Jessica Smith
Jessica Smith

Reputation: 63

MM/DD/YYYY Date to variable conversion m,d, and y

I am struggling to find the best way to convert the date input given by the user as mm/dd/yyyy to 3 variables. I am unable to split this because I receive an error since it is a 'float'.

>>> date=3/2/2016
>>> date.split('/')
Traceback (most recent call last):
  File "<pyshell#152>", line 1, in <module> date.split('/')
AttributeError: 'float' object has no attribute 'split'

what do I need to add to this to make sure it doesn't evaluate the date with division?

def main():
    date=input("Enter date mm/dd/yyyy: ") 

I want the input date given as mm/dd/yyyy, and then a way to convert this to 3 variables as m=month d=day y=year

What's the best way to do this?

Upvotes: 1

Views: 3332

Answers (4)

Sash Sinha
Sash Sinha

Reputation: 22418

Try str.split:

>>> test_date = "05/12/2016"
>>> month, day, year = test_date.split('/')
>>> print(f"Month = {month}, Day = {day}, Year = {year}")
Month = 05, Day = 12, Year = 2016

Upvotes: 2

jfs
jfs

Reputation: 414585

The error "'float' object has no attribute 'split'" suggests that type(date) == float in your example that implies that you are trying to run Python 3 code using Python 2 interpreter where input() evaluates its input as a Python expression instead of returning it as a string.

To get the date as a string on Python 2, use raw_input() instead of input():

date_string = raw_input("Enter date mm/dd/yyyy: ") 

To make it work on both Python 2 and 3, add at the top of your script:

try: # make input() and raw_input() to be synonyms
    input = raw_input
except NameError: # Python 3
    raw_input = input

If you need the old Python 2 input() behavior; you could call eval() explicitly.

To validate the input date, you could use datetime.strptime() and catch ValueError:

from datetime import datetime

try:
    d = datetime.strptime(date_string, '%m/%d/%Y')
except ValueError:
    print('wrong date string: {!r}'.format(date_string))

.strptime() guarantees that the input date is valid otherwise ValueError is raised.
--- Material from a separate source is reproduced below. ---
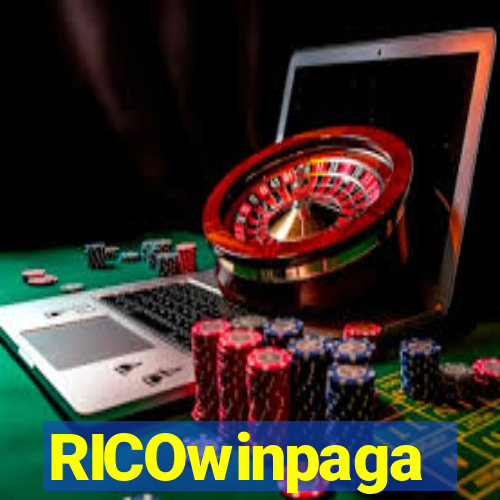 RICOwinpaga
On success, d.year, d.month, d.day work as expected.

Putting it all together (not tested):

#!/usr/bin/env python
from datetime import datetime

try: # make input() and raw_input() to be synonyms
    input = raw_input
except NameError: # Python 3
    raw_input = input

while True: # until a valid date is given
    date_string = raw_input("Enter date mm/dd/yyyy: ") 
    try:
        d = datetime.strptime(date_string, '%m/%d/%Y')
    except ValueError: # invalid date
        print('wrong date string: {!r}'.format(date_string))
    else: # valid date
        break 

# use the datetime object here
print("Year: {date.year}, Month: {date.month}, Day: {date.day}".format(date=d))
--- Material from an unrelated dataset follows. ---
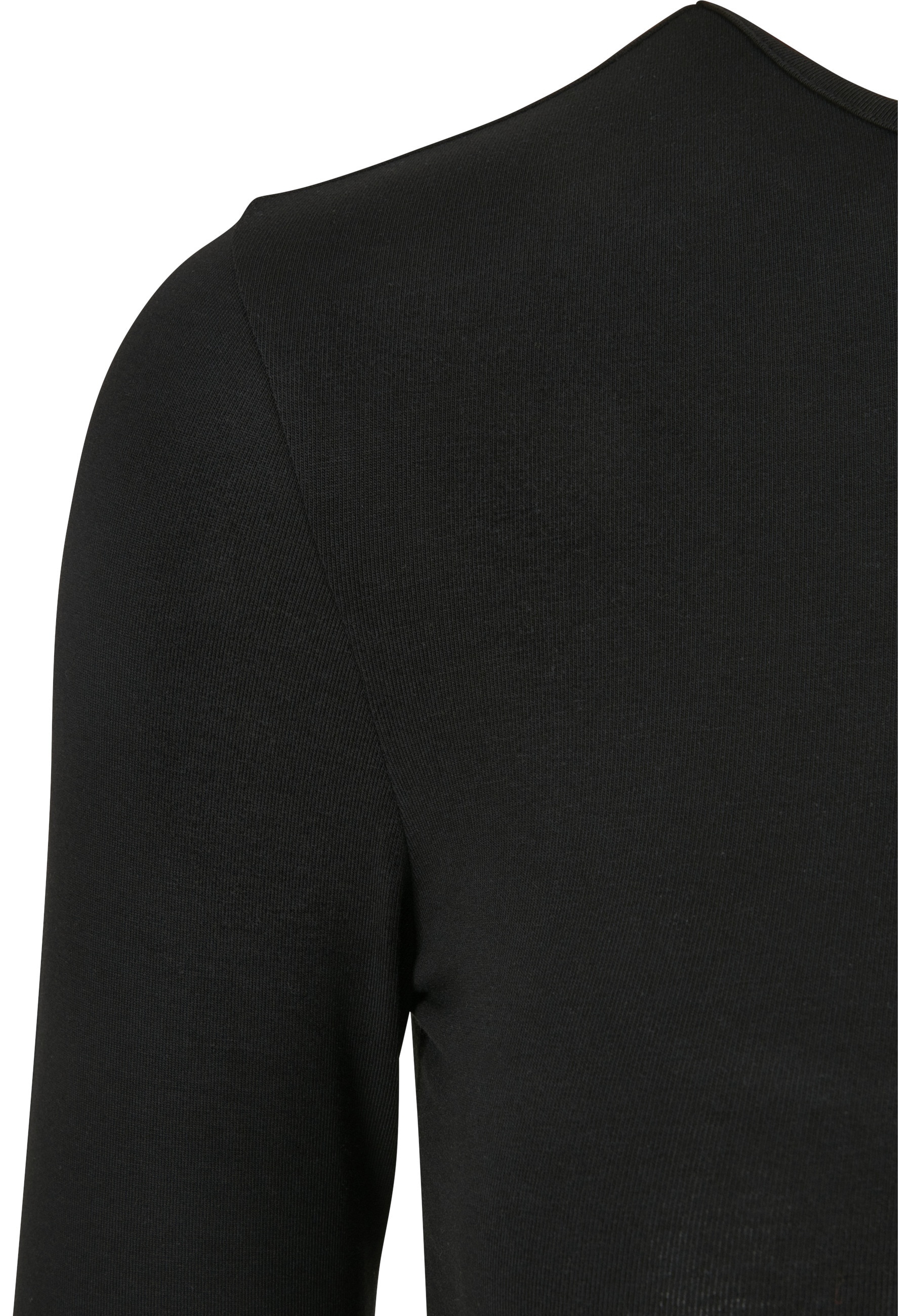 URBAN CLASSICS Body »Urban Classics Damen Ladies Organic Stretch Asymmetric Body«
See Asking the user for input until they give a valid response.

You could use .split('/') instead of .strptime() if you must:

month, day, year = map(int, date_string.split('/'))
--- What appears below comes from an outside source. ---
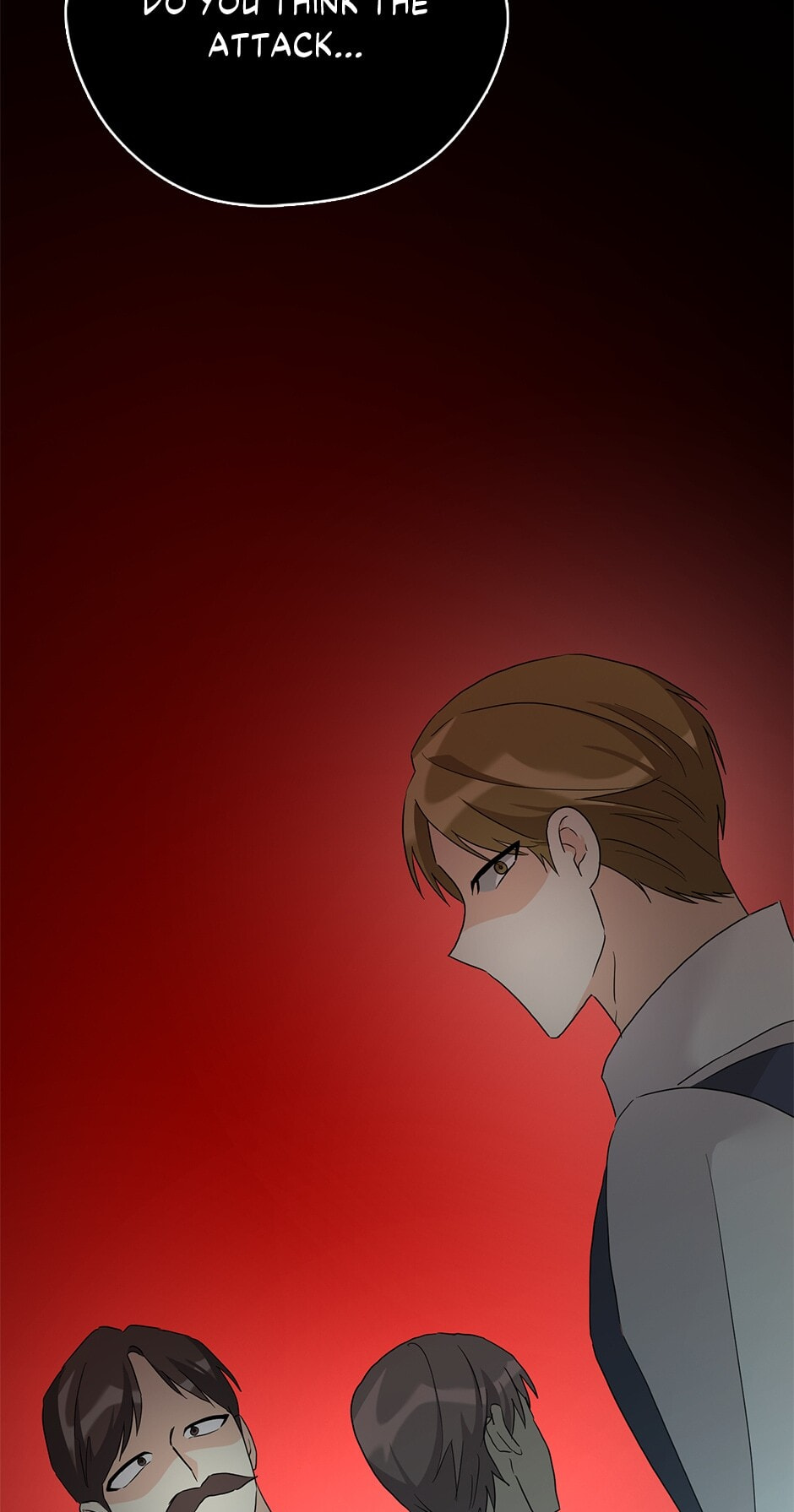 My Three Tyrant Brothers Chapter 97 page 2 -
It doesn't validate whether the values form a valid date in the Gregorian calendar.

Upvotes: 0

Try:

def main():
    month, day, year = [int(x) for x in raw_input("Enter date mm/dd/yyyy: ").split('/')]
    print "Month: {}\n".format(month), "Day: {}\n".format(day), "Year: {}".format(year)

main()

Output:

Enter date mm/dd/yyyy: 03/09/1987
Month: 3
Day: 9
Year: 1987

Upvotes: -1

Annapoornima Koppad
Annapoornima Koppad

Reputation: 1466

I wrote this following piece of code and it works perfectly fine.

>>> date='3/2/2016'
>>> new=date.split('/')
>>> new
['3', '2', '2016']
>>> 
>>> m,d,year=new
>>> m
'3'
>>> d
'2'
>>> year
'2016'
>>> 

Like Jessica Smith has already pointed it out, date=3/2/2016 evaluates expressions and divides the numbers. It has to be of string string type to be split.